* Exercise brief *
Your reproduction of the entries should be exact and should contain no pictures.

[Captioned web images]

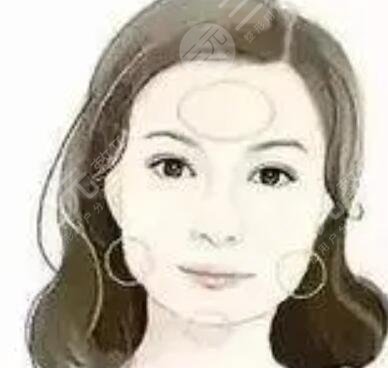 李志海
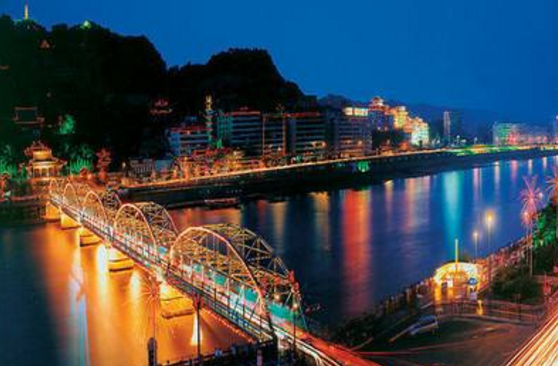 12月1日，甘肅省全面進入“冬春優(yōu)惠季”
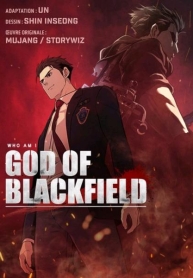 God of BlackfieldManga-lc – อ่าน มังงะ อ่าน การ์ตูน แปลไทยGod of Blackfieldตอนที่ 1 2 3 4 5 6 7 8 9 10 11 12 13 14 ฟรี ไม่มีโฆษณา Manga-lc – อ่าน มังงะ อ่าน การ์ตูน ออนไลน์ อ่านมังงะ ฟรี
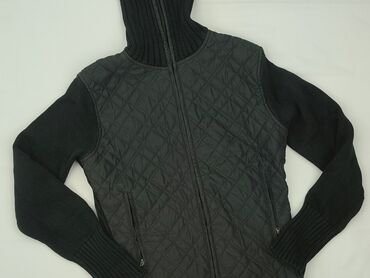 Women's blazer, Esprit, size L (EU 40)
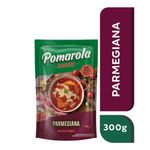 molho-tom-pomarola-parmag-n-sh-300g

* Answer for the task *
 李志海
 12月1日，甘肅省全面進入“冬春優(yōu)惠季”
 God of BlackfieldManga-lc – อ่าน มังงะ อ่าน การ์ตูน แปลไทยGod of Blackfieldตอนที่ 1 2 3 4 5 6 7 8 9 10 11 12 13 14 ฟรี ไม่มีโฆษณา Manga-lc – อ่าน มังงะ อ่าน การ์ตูน ออนไลน์ อ่านมังงะ ฟรี
 Women's blazer, Esprit, size L (EU 40)
 molho-tom-pomarola-parmag-n-sh-300g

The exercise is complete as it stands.